# [Exercise data]
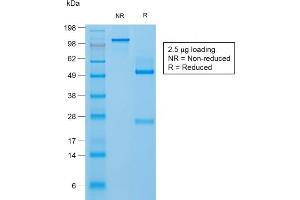 SDS-PAGE Analysis Purified Filaggrin Rabbit Recombinant Monoclonal Antibody (FLG/1957R). (Recombinant Filaggrin anticorps  (AA 198-288))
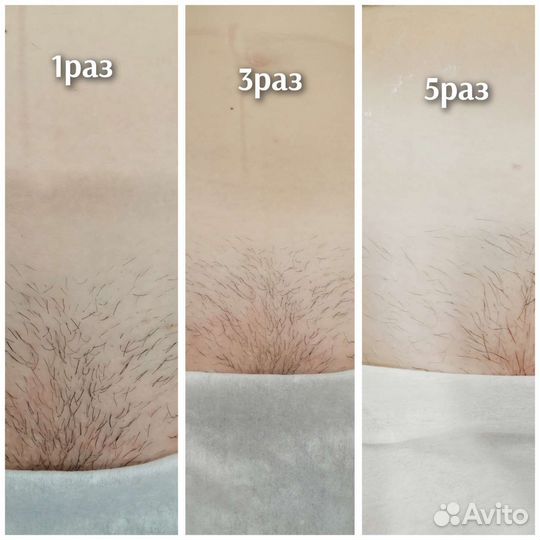 Шугаринг ЖК Цветы сахар/ воск, гл чистка бикини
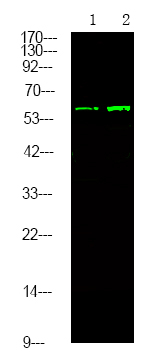 Phospho-TGFBR2 (Tyr284) Antibody in Western Blot (WB)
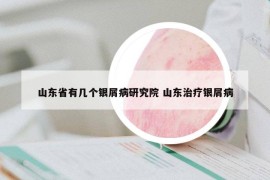 山東省有幾個銀屑病研究院 山東治療銀屑病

# [Your instructions]
When you reach the line that contains "Шугаринг ЖК Цветы", start copying the listing word for word and stop only after its last line, without any pictures.

# [Expected answer]
 Шугаринг ЖК Цветы сахар/ воск, гл чистка бикини
 Phospho-TGFBR2 (Tyr284) Antibody in Western Blot (WB)
 山東省有幾個銀屑病研究院 山東治療銀屑病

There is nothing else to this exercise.